Sympathomimetic effects, such as dilated pupils and tachycardia, were also observed in three young adults after the consumption of four tablets containing BZP in association with (TFMPP) (Wood et al., 2008) and in a non-fatal case related to an overdose with another piperazine derivative (Kovaleva et al., 2008). Moreover, in a recent in vitro study, Arbo and collaborators (2014) observed that piperazine drugs, including BZP, were capable of

producing concentration-dependent cytotoxic effects in rat cardiomyoblasts (EC50 343.9 μM

for BZP), proving for the first time the cardiotoxic effects of piperazine designer drugs at the cellular level. Although no changes in intracellular oxidative stress markers were observed,

BZP caused significant increases in intracellular Ca2+ levels, accompanied by decreases in

ATP and in mitochondrial membrane potential (Δѱm) that seemed to involve the

mitochondrial permeability transition pore (Arbo et al., 2014). The authors also observed early apoptosis and a high number of cells undergoing secondary necrosis (Arbo et al., 2014).

1.3. Association of 3,4-methylenedioxymethamphetamine (MDMA, ecstasy)

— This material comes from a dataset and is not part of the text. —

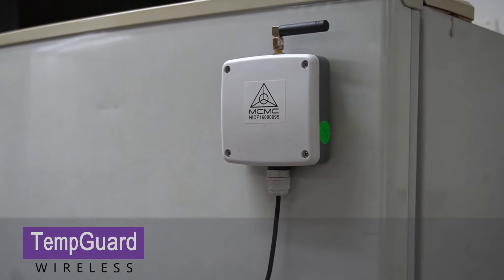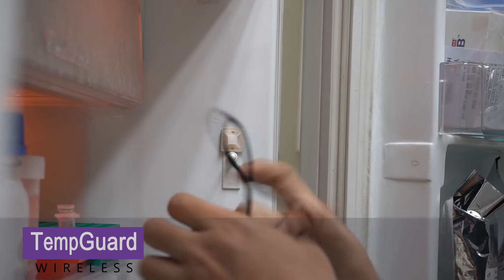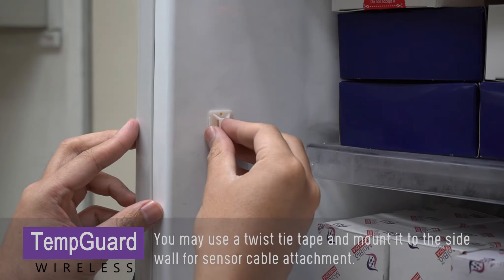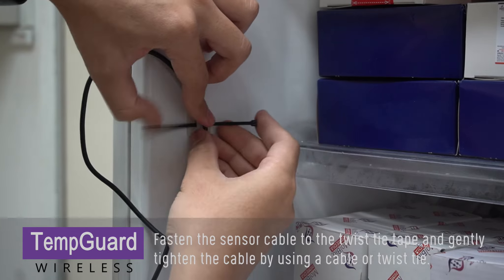Slide the sensor cable into your equipment through the door hinge. You may use a twist tie tape and mount it to the side wall for sensor cable attachment. Fasten the sensor cable to the twist tie tape and gently tighten the cable.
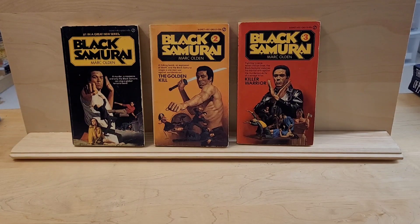Hello, this is David from David Books and Comics, and today I'm going to show you the Black Samurai. The Black Samurai series was written by Mark Olden. It's a series of eight books.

and N-benzylpiperazine (BZP)

One of the most complex scenarios concerning drug abuse is the co-consumption of drugs, either due to the will of the user to engage in such pattern or to the lack of purity of the drugs sold in the illicit market that render abusers prone to unintended exposure to multiple substances (WHO, 2018). Generally, the majority of MDMA users are polydrug abusers (Scholey et al., 2004; Winstock et al., 2001; Wu et al., 2006), and many of them intentionally blend MDMA with piperazines, such as BZP (Wikstrom et al., 2004).

Not surprisingly, the content of MDMA among pills is widely variable, and usually contain a range of other psychoactive substances, in addition to, or in place of MDMA, including other methamphetamines (Parrott, 2004), ephedrine, caffeine, ketamine (Makino et al., 2003) and even piperazines (Wikstrom et al., 2004). As a result, consumption effects are unpredictable (Carvalho et al., 2012; Mohamed et al., 2011) and often culminate in lethality (Kaye et al., 2009).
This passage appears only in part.